The European Commission convened a special meeting of Member State’s food additives experts on 18 May 2021, to consider the necessary measures needed to protect consumers’ health. At this meeting, the European Commission and the Member States agreed to remove all uses of titanium dioxide (E 171) as a food additive in food. As a result, the additive will be removed from Annexes II and III of Regulation (EC) 1333/2008 on food additives on the basis of Article 7(5) of Regulation (EC) 1331/2008. The measures to be proposed by the European Commission will include an appropriate transitional period in order to allow food businesses to phase out the use of this additive in foods and replace it with suitable alternatives. However, the length of this transitional period is still under discussion within the European Commission. It was suggested that the draft regulation to remove titanium dioxide (E 171) from foods will be voted on at the Standing Committee in September 2021. In the interim, the FSAI encourages food businesses to source suitable alternatives to titanium dioxide (E 171) and start the process of reformulation.

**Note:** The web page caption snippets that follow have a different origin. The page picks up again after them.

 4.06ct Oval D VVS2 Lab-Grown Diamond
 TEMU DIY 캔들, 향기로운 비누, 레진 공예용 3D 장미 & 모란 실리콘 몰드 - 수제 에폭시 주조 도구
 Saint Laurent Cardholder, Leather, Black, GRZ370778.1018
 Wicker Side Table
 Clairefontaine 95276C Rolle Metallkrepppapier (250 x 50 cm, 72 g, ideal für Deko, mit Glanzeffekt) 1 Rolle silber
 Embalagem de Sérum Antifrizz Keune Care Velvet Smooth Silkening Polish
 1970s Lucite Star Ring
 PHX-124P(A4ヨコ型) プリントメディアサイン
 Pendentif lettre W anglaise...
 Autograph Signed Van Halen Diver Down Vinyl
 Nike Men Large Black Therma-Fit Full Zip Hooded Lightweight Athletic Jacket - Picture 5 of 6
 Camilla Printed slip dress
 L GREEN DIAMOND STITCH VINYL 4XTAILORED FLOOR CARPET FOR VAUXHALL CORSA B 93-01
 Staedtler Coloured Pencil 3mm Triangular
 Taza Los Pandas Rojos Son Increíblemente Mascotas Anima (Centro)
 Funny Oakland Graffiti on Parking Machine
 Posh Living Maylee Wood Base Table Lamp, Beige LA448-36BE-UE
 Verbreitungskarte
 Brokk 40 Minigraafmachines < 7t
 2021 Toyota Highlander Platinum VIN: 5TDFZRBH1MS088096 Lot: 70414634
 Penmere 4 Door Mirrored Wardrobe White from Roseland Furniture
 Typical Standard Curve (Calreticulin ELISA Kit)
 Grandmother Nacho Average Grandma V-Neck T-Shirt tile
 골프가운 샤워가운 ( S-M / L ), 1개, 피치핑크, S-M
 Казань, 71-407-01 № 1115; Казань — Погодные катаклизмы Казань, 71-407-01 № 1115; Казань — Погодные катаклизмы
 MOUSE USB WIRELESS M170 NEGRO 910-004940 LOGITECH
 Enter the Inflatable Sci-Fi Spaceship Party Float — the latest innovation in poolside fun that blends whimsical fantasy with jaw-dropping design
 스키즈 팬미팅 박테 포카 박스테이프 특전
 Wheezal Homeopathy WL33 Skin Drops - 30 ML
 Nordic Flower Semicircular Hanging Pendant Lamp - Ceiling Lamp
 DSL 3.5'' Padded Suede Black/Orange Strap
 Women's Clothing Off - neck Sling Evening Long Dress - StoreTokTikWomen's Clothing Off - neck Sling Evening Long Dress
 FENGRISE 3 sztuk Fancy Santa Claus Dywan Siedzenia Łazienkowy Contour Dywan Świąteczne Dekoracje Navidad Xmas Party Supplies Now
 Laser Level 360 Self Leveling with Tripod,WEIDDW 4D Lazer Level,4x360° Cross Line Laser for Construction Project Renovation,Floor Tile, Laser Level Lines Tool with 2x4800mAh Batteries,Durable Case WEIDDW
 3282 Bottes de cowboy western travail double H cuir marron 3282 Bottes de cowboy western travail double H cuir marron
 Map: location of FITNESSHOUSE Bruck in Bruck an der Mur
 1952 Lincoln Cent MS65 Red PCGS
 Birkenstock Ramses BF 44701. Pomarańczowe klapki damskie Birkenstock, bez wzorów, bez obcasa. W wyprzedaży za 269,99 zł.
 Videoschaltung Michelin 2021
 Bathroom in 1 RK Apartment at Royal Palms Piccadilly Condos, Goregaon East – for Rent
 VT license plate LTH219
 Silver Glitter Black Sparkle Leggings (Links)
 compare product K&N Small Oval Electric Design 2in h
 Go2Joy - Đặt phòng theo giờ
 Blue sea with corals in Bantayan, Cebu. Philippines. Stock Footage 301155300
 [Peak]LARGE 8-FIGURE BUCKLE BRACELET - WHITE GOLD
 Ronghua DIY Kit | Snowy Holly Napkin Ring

Why isn’t titanium dioxide (E171) banned right away?

EFSA has not identified any acute effect linked to the ingestion of titanium dioxide (E171), which would warrant an immediate ban. EFSA does not conclude that titanium dioxide (E171) is genotoxic, but it has not been able to establish a maximum acceptable daily intake (ADI) for this food additive, in particular due to uncertainties with respect to genotoxicity. EFSA thus concluded that the safety of the product cannot be confirmed.

Is food containing titanium dioxide (E171) safe to eat?

The scientific data around the safety of titanium dioxide (E171) is uncertain. However, EFSA has concluded that it has sufficient concern that titanium dioxide (E 171) should no longer be used in food as a food additive. Because titanium dioxide (E171) is used in food throughout the EU a European wide approach is needed to consider the next steps to protect consumers health. The FSAI will join other Member States at a meeting with the European Commission on the 18th May where these steps will be discussed. Some people may have personal concerns and they can identify foods containing titanium dioxide (E171) by looking at the ingredients list on the food label which will say “colour: titanium dioxide” or “colour: E171” if the additive is in the food. This will enable consumers to make an informed purchasing decision.